534 So. 2d 1218 | Fla. Dist. Ct. App. | 1988
The issue in this case concerns the viability of a final judgment of adoption and the agreed order regarding paternity upon which it was based. A careful review of the pertinent orders of the Chief Judge of the Eleventh Circuit clearly reveals that the county judge who executed the order and judgment was never appropriately assigned to the cause as an acting circuit judge. Since only the circuit court, acting through a duly qualified circuit judge, has jurisdiction in paternity and adoption proceedings, Art. Y, § 5(b), Fla. Const., the order and judgment were entered without jurisdiction over the subject matter
. We need not consider the effect of the highly disturbing fact that all of the parties herein: the "surrogate” mother; the “natural” father; his wife, the adoptive mother; and the child were and are residents of Michigan who never so much as set foot in Florida. It is apparent therefore that, for unknown reasons, our courts have been employed as an unwelcome means of promoting the interests of persons who have no contact with this state.

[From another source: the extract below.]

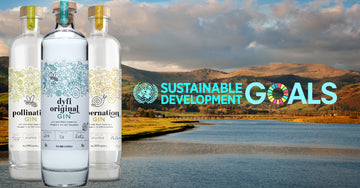 Dyfi Distillery & the UN Sustainable Development Goals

. It may be added that the motion was apparently also properly based on allegations of extrinsic fraud relating to the sequential representation by the same counsel of, first, the "surrogate mother” and then the adoptive parents. See Fla.R.Civ.P. 1.540(b)(3); DeClaire v. Yohanan, 453 So.2d 375 (Fla.1984).
. This was the ruling of a trial judge in an identical prior situation. Stern v. Whitehead, No. 86-12060 (Fla. 11th Cir. September 4, 1986) (order granting respondent's motion for relief from judgment and respondent's supplemental motion for relief from judgment).
. The county judge was properly assigned to hear the Rule 1.540 motion itself.